» **WHAT YOU ARE ASKED TO DO**: In your copy, include no images and return each entry exactly as written.

» **RECORDS FOR PROCESSING**:
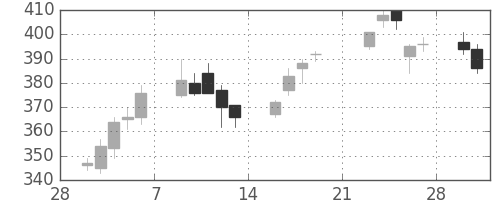 ＡＮＡＨＤの日足チャート(2009年3月)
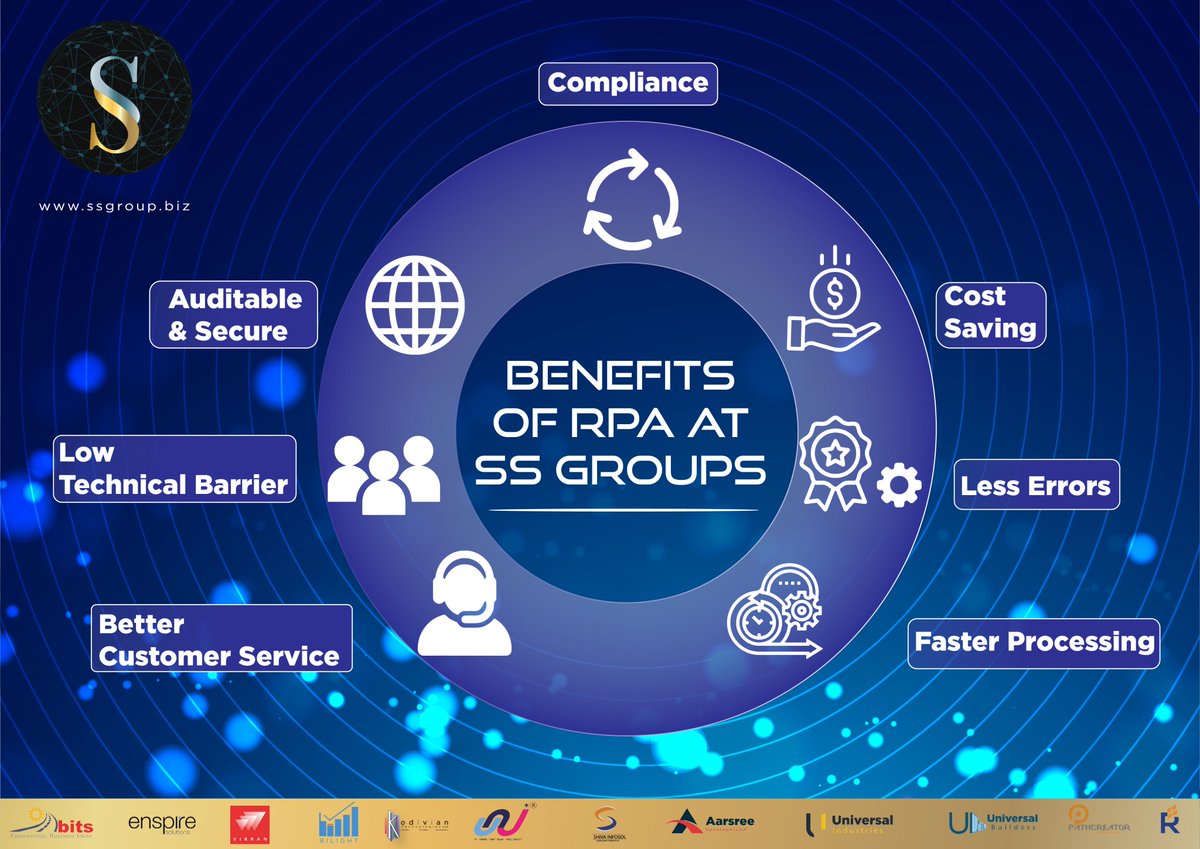 SSGroupCompany1's tweet photo. Benefits of RPA at SS Groups
· Compliance
· Cost Saving
· Less Errors
· Faster Processing
· Better Customer Service
· Low Technical Barrier
· Auditable & Secure
#SSGroup #RPA #RoboticProcessAutomation #FasterProcessing #LessErrors #BestCustomerService #LowTechnicalBarrier https://t.co/4ydN2LiQTP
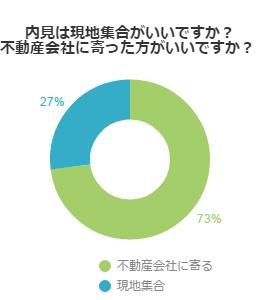 内見時は現地集合するかしないか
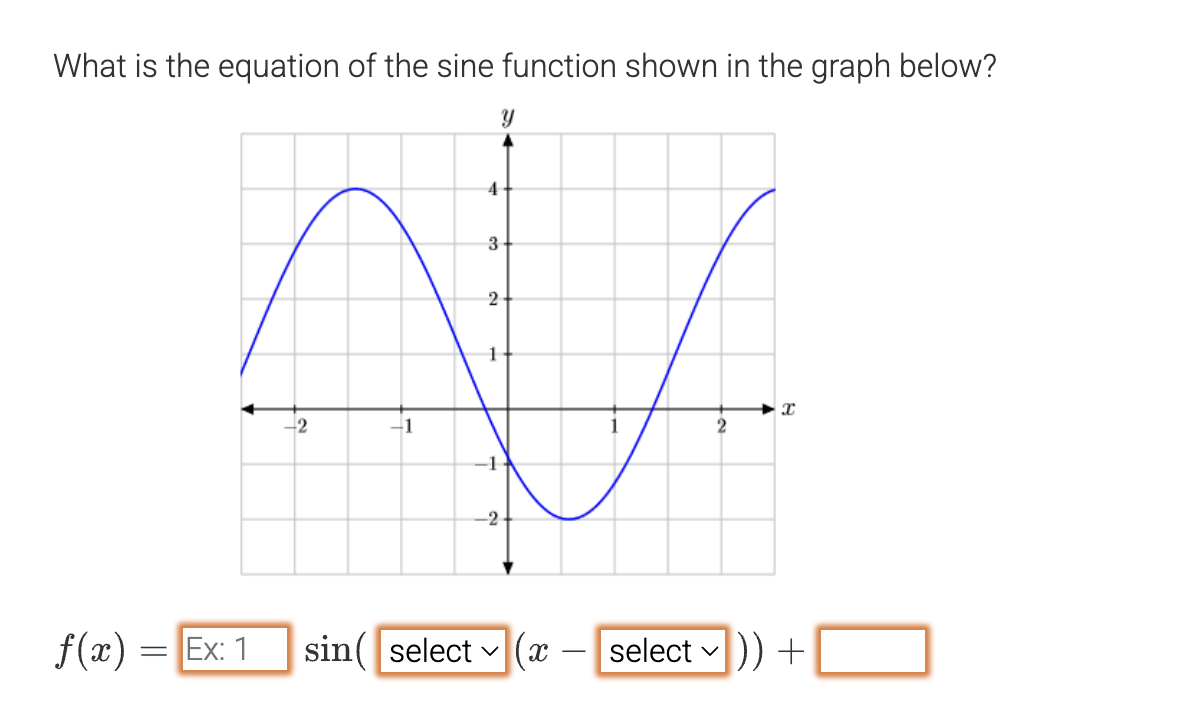 Solved What is ﻿the equation of ﻿the sine ﻿function shown in | Chegg.com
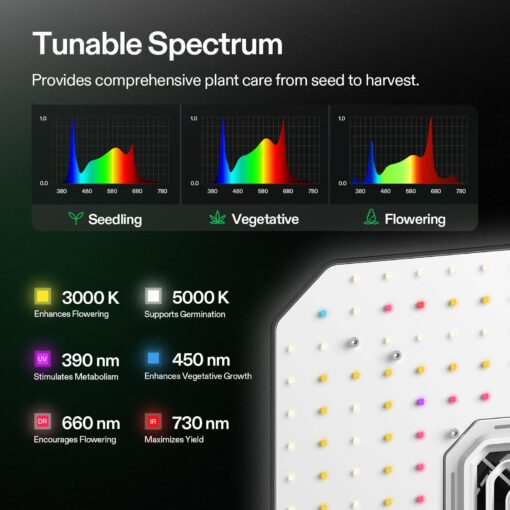 VIVOSUN 2X AeroLight A100, Tunable Spectrum, LED Grow Light 100W with Integrated Circulation Fan & Growhub Controller E42A, Compatible with App & E25, 2 x 2 Ft. Coverage - Image 8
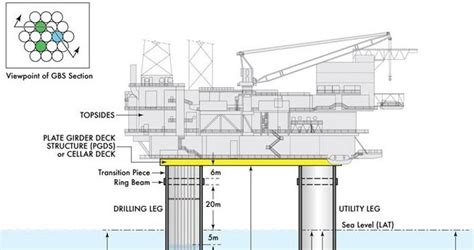 Topology optimization design for offshore platform jacket structure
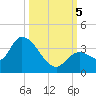 Big Spanish Key tide chart for Thursday, October 5, 2023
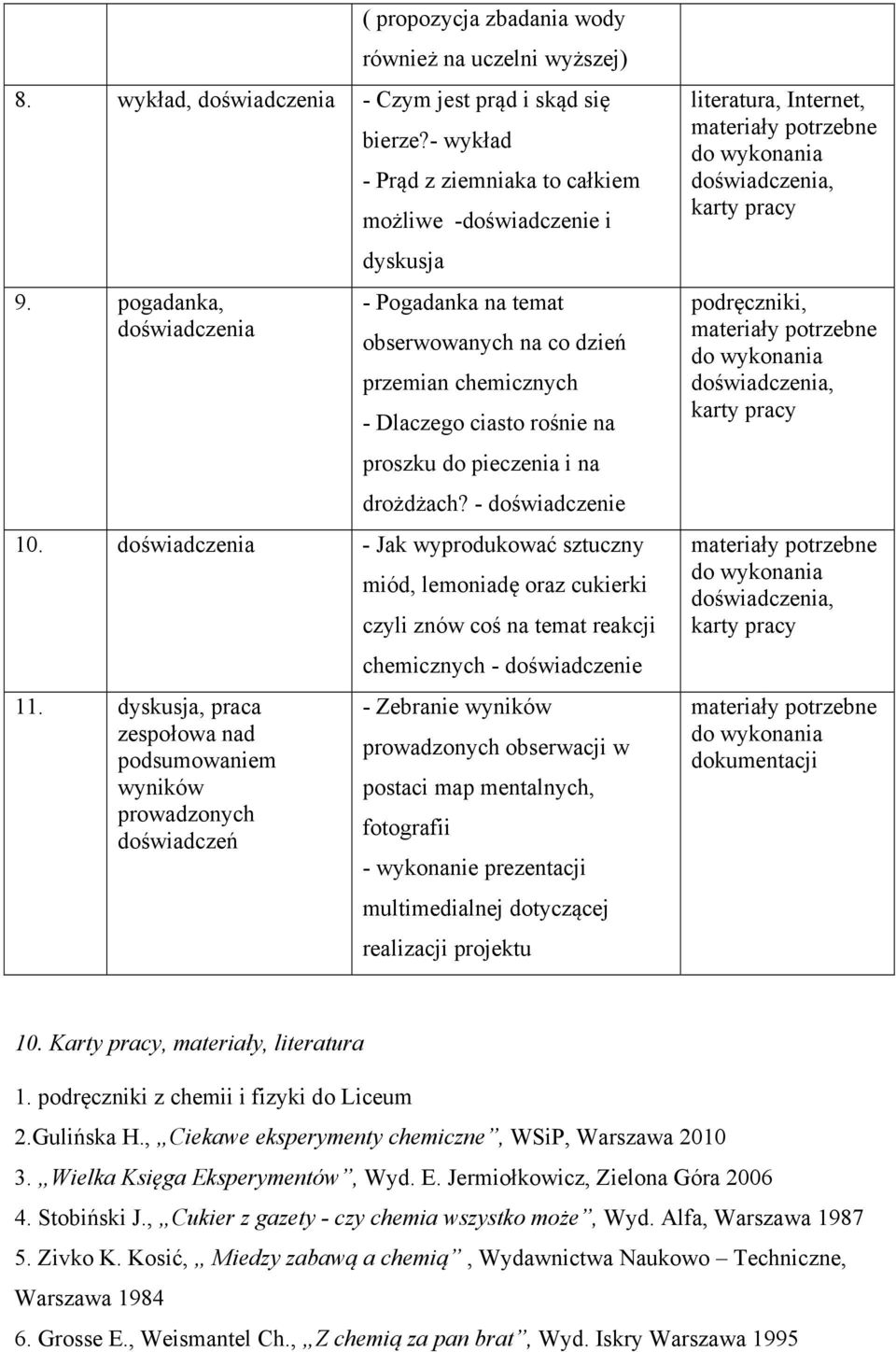 doświadczenia - Jak wyprodukować sztuczny miód, lemoniadę oraz cukierki czyli znów coś na temat reakcji chemicznych - doświadczenie 11.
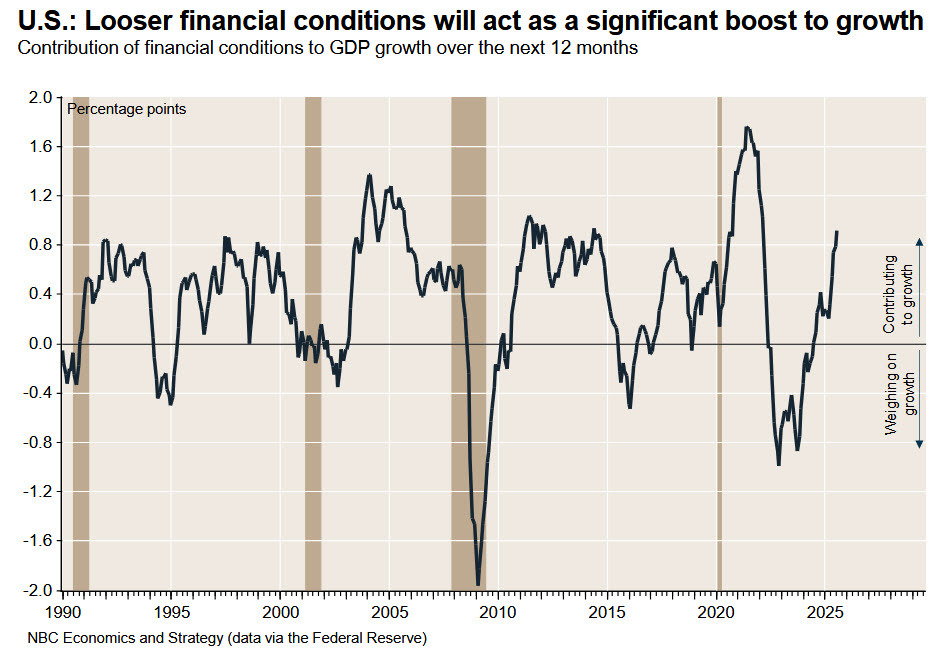 financial conditions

» **EXERCISE SOLUTION**:
 ＡＮＡＨＤの日足チャート(2009年3月)
 SSGroupCompany1's tweet photo. Benefits of RPA at SS Groups
· Compliance
· Cost Saving
· Less Errors
· Faster Processing
· Better Customer Service
· Low Technical Barrier
· Auditable & Secure
#SSGroup #RPA #RoboticProcessAutomation #FasterProcessing #LessErrors #BestCustomerService #LowTechnicalBarrier https://t.co/4ydN2LiQTP
 内見時は現地集合するかしないか
 Solved What is ﻿the equation of ﻿the sine ﻿function shown in | Chegg.com
 VIVOSUN 2X AeroLight A100, Tunable Spectrum, LED Grow Light 100W with Integrated Circulation Fan & Growhub Controller E42A, Compatible with App & E25, 2 x 2 Ft. Coverage - Image 8
 Topology optimization design for offshore platform jacket structure
 Big Spanish Key tide chart for Thursday, October 5, 2023
 doświadczenia - Jak wyprodukować sztuczny miód, lemoniadę oraz cukierki czyli znów coś na temat reakcji chemicznych - doświadczenie 11.
 financial conditions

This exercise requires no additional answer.